The origins of our problem are neither unique, nor unanticipated. Having elected officials on the WMATA board, with minority veto power is colossally stupid ideal.

by ahk on Oct 26, 2011 10:31 am • linkreport

@ahk

What exactly are you referring to?

Also, your comment doesn't relate to the question Metro's Board has to take up tomorrow, other than that you seem to think the Board as constituted won't be able to effectively address its challenges or make a coherent choice.

by jnb on Oct 26, 2011 10:43 am • linkreport

Of course WMATA should be advocating for more lines. What entity is modest about its growth potential. Especially within the Beltway, but also outside, there is no more space for more roads. Metro and bus are the only way to keep people moving around the area. It's a no-brainer.

Which means that WMATA will probably chicken out.

by Jasper on Oct 26, 2011 10:43 am • linkreport

What is ahk talking about now? That post made no sense.

by Terri on Oct 26, 2011 10:48 am • linkreport

Virginia Arlington has the Columbia Pike Streetcar and the Crystal City-Potomac Yard transitway (and few transit projects farther out, thanks to a lack of vision from state officials).

Fixed. Yes, I know the CP streetcar has a short segment in Fairfax, and the CC-PY transitway has a segment in Alexandria City, but without Arlington's leadership those projects wouldn't have happened.

by Michael Perkins on Oct 26, 2011 10:51 am • linkreport

"lack of vision from state officials"

Again, the jihad agaist McDonnel.

What is going to kill transit in Virginia is the cost of the Silver Line. $8 billion for a 20 mile rail line that you've already paid for the land. Insane.

I don't see state officals blowing this lead. It is Fairfax officals.

More to the point, what I don't see here is a coherent argument for WMATA leadership. If I was being snarky, I'd say WMATA could hire David to draw fantasy maps.

Should the job of posting uptopian transit visions be the job of WMATA? Politicans? Interest groups?

I'd rather see the WMATA board focus on cutting down MetroAccess, fixing the pension issue, and getting everyday maintainace and customer service to be the prime focus of the organization.

I beleive AHK is referring to WMATA hiring black people.

by charlie on Oct 26, 2011 11:03 am • linkreport

Moscow, on the other hand, wants to build 150km of subways, revamp its tram system, and switch to an S-Bahn model of commuter rail.

Will it take a long-term crisis like the one there to make DC take the same bold steps?

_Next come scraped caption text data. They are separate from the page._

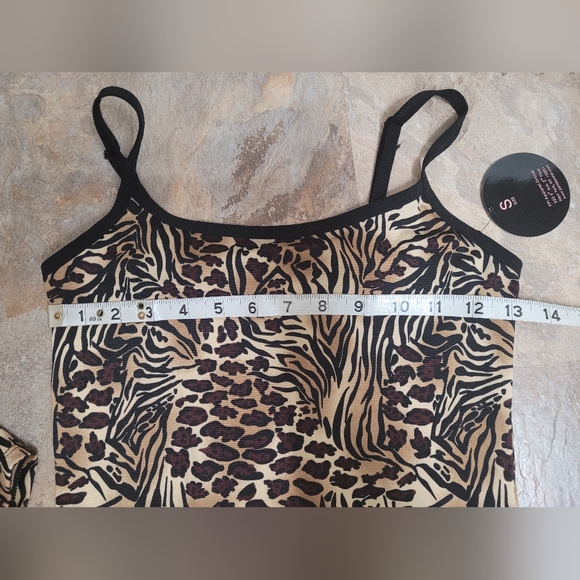 NWT 3 pc lingerie set, Excellent Condition, Never Worn - Picture 12 of 16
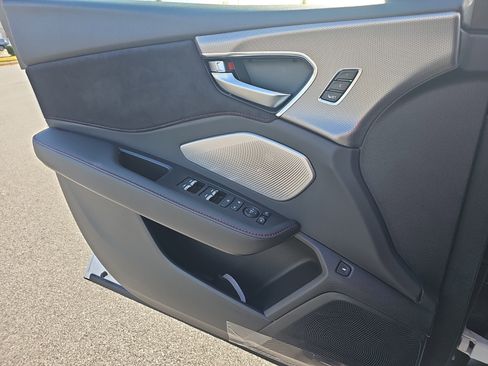 New 2025 Acura RDX A-Spec image 23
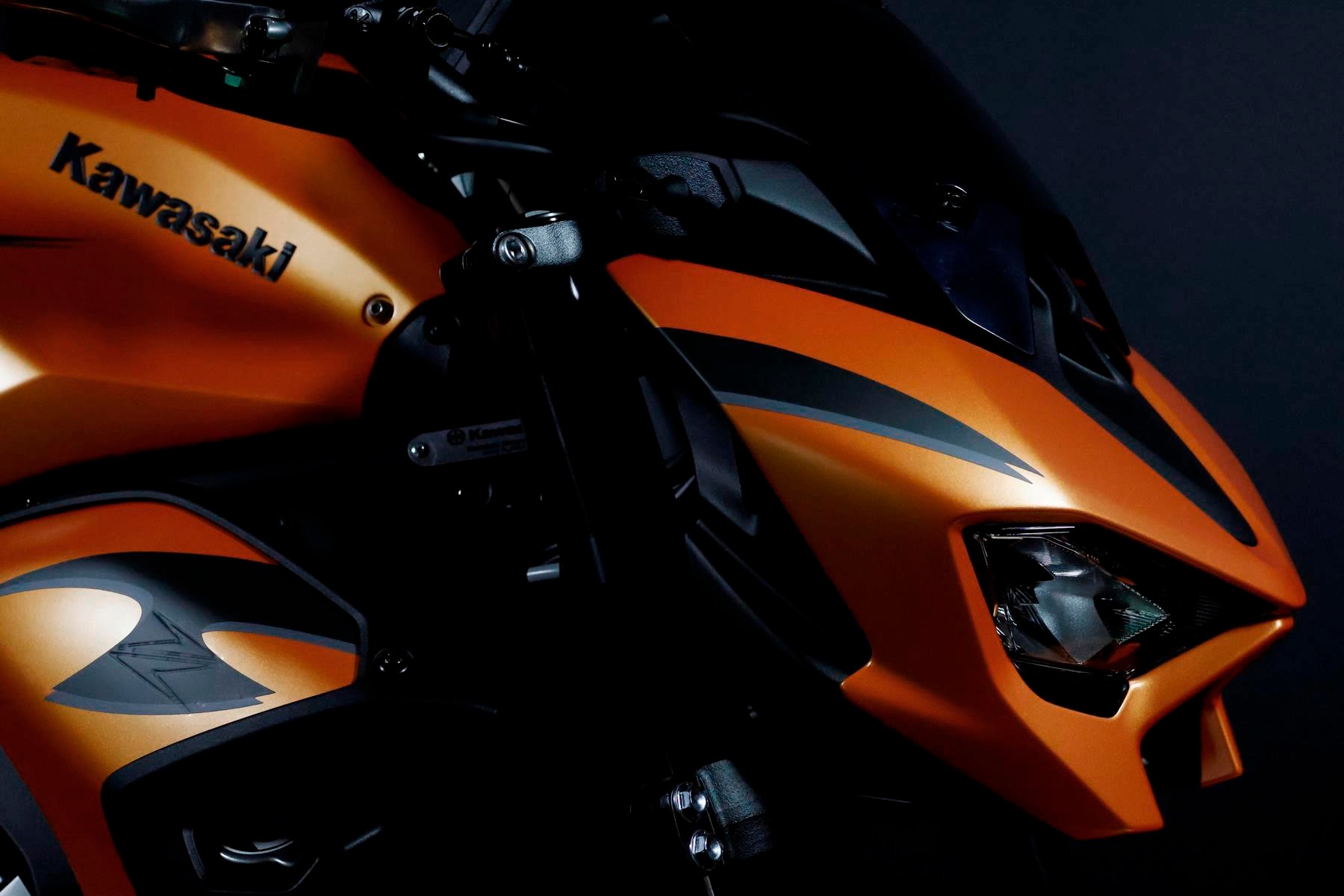 KAWASAKI Z 900 (91/70/35 KW) *Fair Lady* Level 3-showroom-element-3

by Neil Flanagan on Oct 26, 2011 11:03 am • linkreport

I'm having issues opening up the fantasy map. I tried both IE and Firefox. Anyone else having problems?

by Nicoli on Oct 26, 2011 11:37 am • linkreport

That's honestly what I've been saying needs to happen. We're still using the original WMATA plan as a framework for our regional transit and few lines have been proposed (outside of an extension to Woodbridge, etc).

Our core lines are at-or-nearing capacity. Certain stations are becoming dangerously crowded at rush hour because of the influx of riders. I'm almost afraid of plans to add more TOD because of the impact it might have on the system if core lines aren't expanded.

WMATA should just make a "desired" map and put it in stations. Have riders decide which lines they would like to see built and encourage them press officials to put in funding. If John Q. Public sees that he could take a rail line directly home some day instead of a train and two buses, he might be inclined to support WMATA more.

by John M on Oct 26, 2011 11:40 am • linkreport

Nicoli: Oops, I've fixed the link.

by David Alpert on Oct 26, 2011 11:40 am • linkreport

A shame Weese's plan was never considered. A Red Line that connected Northwest with Southeast would have been much more equitable and convenient, as would have been his crosstown route.

by Omar on Oct 26, 2011 12:07 pm • linkreport

My very quick 2 cents- I'd think WMATA should actually be a bit more of an operator. However, I do believe regional planning needs to be strengthened- I'd definitely like to see the TPB/MWCOG the strengthened in otherwise much the same way described in this article. I think they're better suited to coordinate modes beyond just what is within WMATA's scope, but ensuring that WMATA has a pretty big seat at the table.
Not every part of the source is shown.